Cannibalizing the remake

Cannibalizing the remake

It seems that we’re in the age of the remake, or more correctly, the reimagining era. This goes hand-in-hand with a time where television is the new silver screen. The ‘80s idea of the movie star is all but dead (someone please tell Tom Cruise). The safe bet for financial returns lies in the small screen. So inevitably characters that experienced former glories with cinema goers are finding new places to breathe once again. We’ll look at two that are best known for stopping breath.

Two characters that transcend their appearances on film and permeate into popular culture are Norman Bates and Hannibal Lector. Hitchcock’s original Psycho is still as effective today as it ever was. There are no scenes of graphic violence or gore, but it chills and scares better than most horrors ever placed on celluloid. Anthony Perkins was engaging and complex and key moments that could have descended into a parody were perfectly disturbing.

The Silence of the Lambs played for shocks at times whilst allowing us to engage with the fascinating Lector. Another Anthony, this time Hopkins, played the role with a malevolent menace. Beneath the intelligence in his eyes was a primitive warning. Before the Hopkins version Brian Cox played him deliberately void of outward evil, itself proving effective. But it is the Hopkins version that became the public’s Lector, and the benchmark subsequent versions are faced against.

This brings us to the newest incarnations of these two popular icons, and the very different paths they have taken. Lector’s small screen reboot came first, in the form of Hannibal. We find him in a pre-Red Dragon era. He’s still a practising psychiatrist working alongside the man from the novel that we know eventually catches him. However, the original timeline of events won’t unfold on this show as they have elsewhere. This will help with its longevity and prevents it becoming too predictable.

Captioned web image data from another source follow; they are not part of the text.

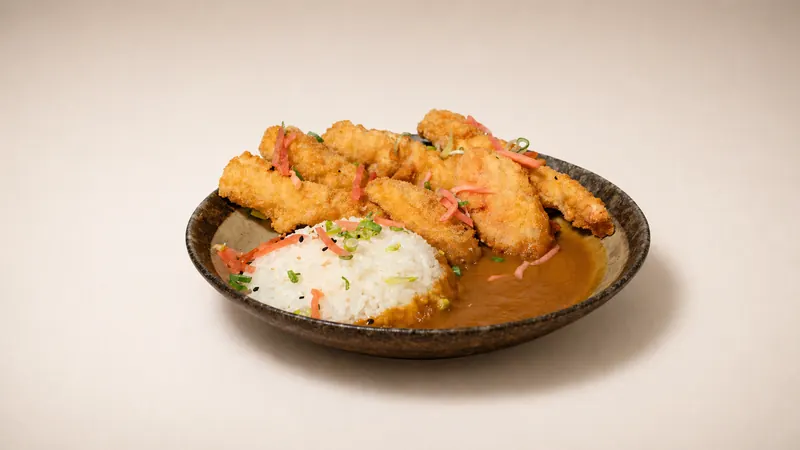 Prawn Katsu Curry — Breaded prawn with vegetable and Japanese curry sauce, rice, sesame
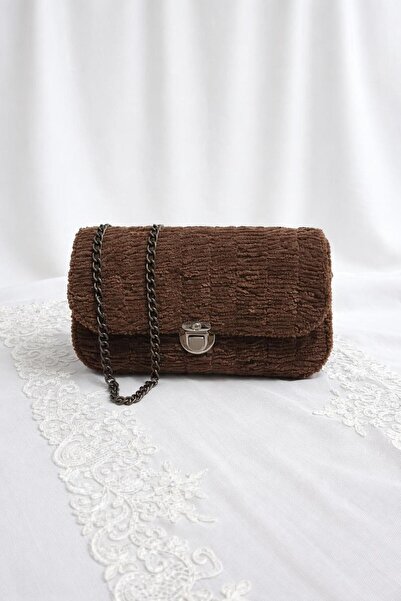 sisucandles1 Kadın El yapımı, Kağıt İp Çanta, El Örgüsü Çanta, Kahverengi El Yapımı Çanta Zincirli ,El Çantası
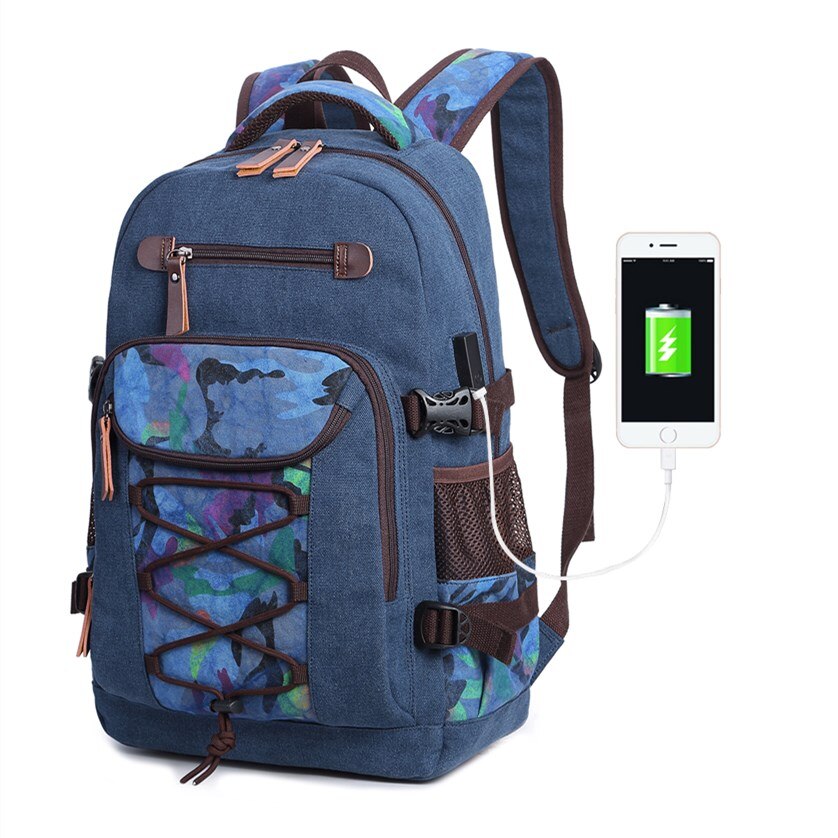 OKKID leinwand schule Rucksack für junge bagback freundlicher zurück Pack Schüler bookbag schule taschen für Teenager jungen männer große reise Rucksack: Blau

And it does defy predictions and assumptions. It would have been easier to cheapen the source material and exploit the obvious areas that lean to excess. There are moments that make you want to turn away from the screen, but even they have a fitting place in a show that is shot in a contemporary fashion. Mads Mikkelsen doesn’t redo Hannibal Lector with his portrayal – he makes him feel alive for the first time. We know the evil that lurks beneath, we never know when we’ll see it, but it’s brooding and bubbling whilst he plays people like pawns. He’s understated with the horror, delivering it with a fear of anticipation. Going back to Psycho, remember that shower scene, remember that you don’t actually see that much, but it works better than anything plainly laid out before you. The Mikkelsen Lector is just like that.

So the reboot of Norman Bates surely follows a similar path, right? Played and shot with subtle expertise? Well, it did have this particular line: “You’re like a beautiful, deep, still lake in the middle of a concrete world,” delivered to Norman Bates from a love interest, and that’s where its excursion into anything remotely poetic ends.

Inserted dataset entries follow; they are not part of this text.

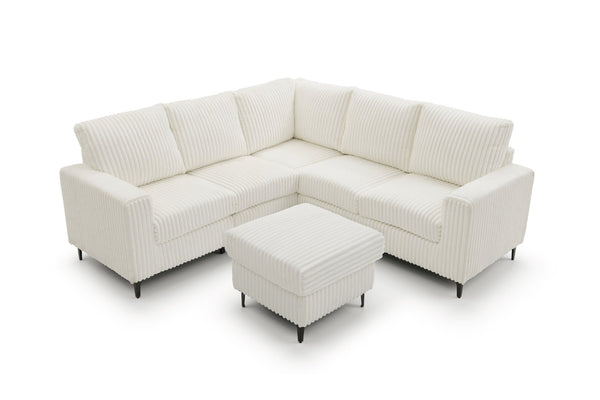 English Elm Houston L-shaped Sectional Sofa with Deep Plush Cushions for Modern Living Rooms White B078S00750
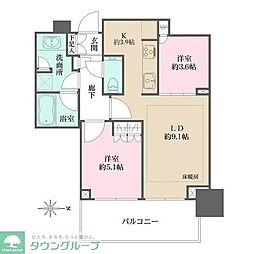 大崎ステーションレジデンス 2LDKの間取図画像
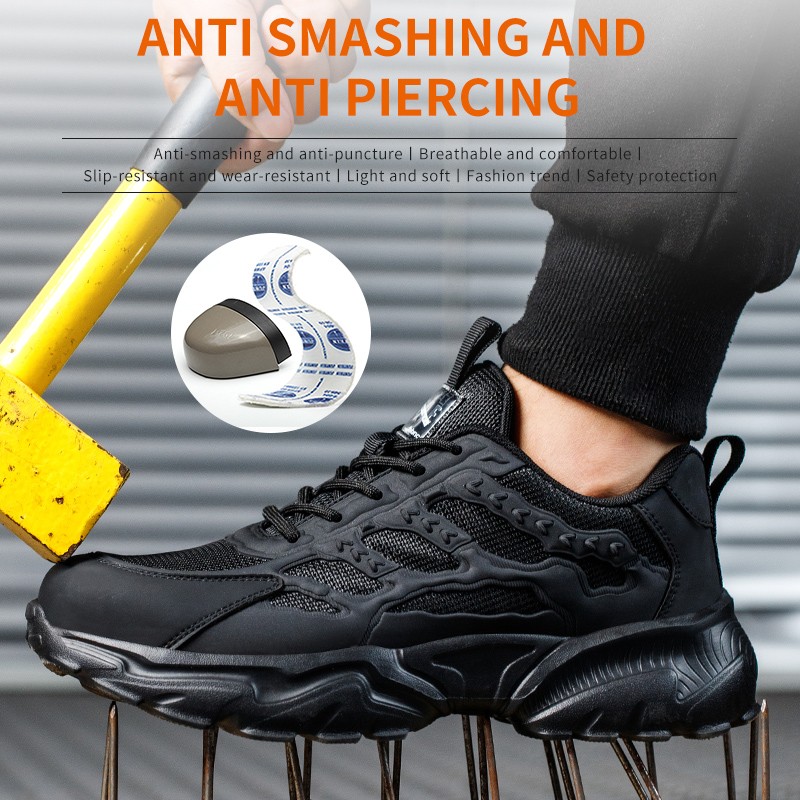 Witte Veiligheidsschoenen Voor Dames Heren Anti Smashing Anti Piercing Isolatie 6kv Slijtvast Zwart Wit Ademend Lichtgewicht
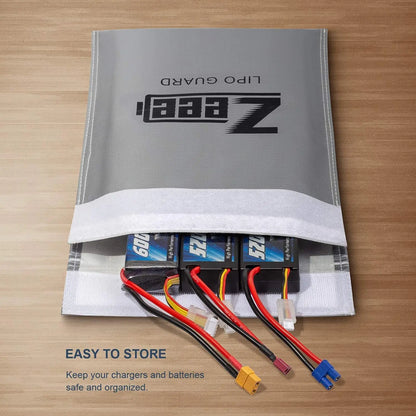 Zeee Lipo Safe Bag – Large Capacity Fireproof & Explosion-Proof Battery Storage Bag for Ebike & RC Parts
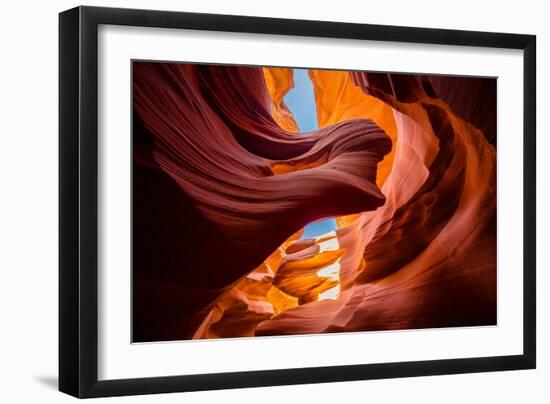 Beautiful Wide Angle View of Amazing Sandstone Formations in Famous Antelope Canyon-lbryan-Framed Photographic Print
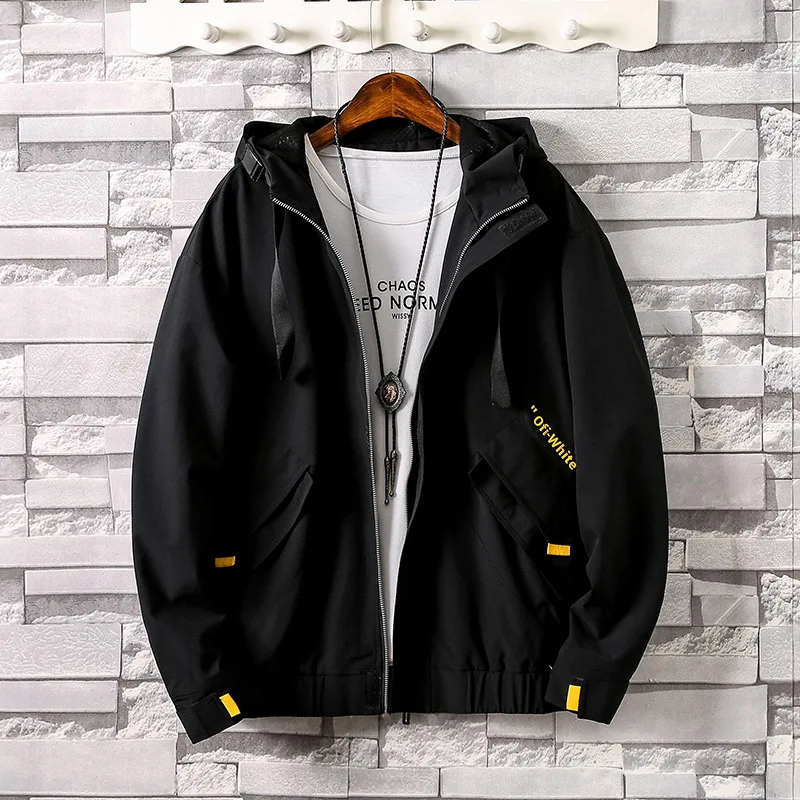

2019 Autumn New Products Jacket Men's Fold-down Collar Mixed Colors Printed Hooded Drawstring Jacket Students Casual Coat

Where Hannibal had subtle suggestion that blurred lines (I got peckish watching Lector’s dinner parties), Bates Motel has no such restraint. It unashamedly over does the Oedipus complex; if there’s a gun going off there’s oodles of blood to view; if there’s a bad guy we need to meet we almost get some pantomime booing.

At times, with certain camera angles and colours, it feels like it’s paying homage to horror’s successful era. Then it plays out like an average thriller. If the success of Hannibal was down to its strong lead and excellent supporting cast then Bates Motel could be in trouble. It’d be unfair to say any principal players are poor but it would be a lie to say they engage in the manner they should. Freddie Highmore, the new Norman Bates, obviously believes imitation is the best form of plagiarism. At times he is Anthony Perkins, and with it we lose any sense of fear. We’ve seen the shock of Bates in this form before. The makers should have taken note of the 1998 film version of Psycho, it was pretty much shot-for-shot a replica of the original, and it was panned.

If it’s new it has to be different, otherwise the original will always be best.

Another poignant line from Bates Motel was delivered by Norma, she asked, “Who is gonna book a room in the rape-slash-murder motel?” For now we’ll keep returning in the hope it’ll meet its potential, but as soon as Hannibal is cooking again our attentions will return to a much classier killer.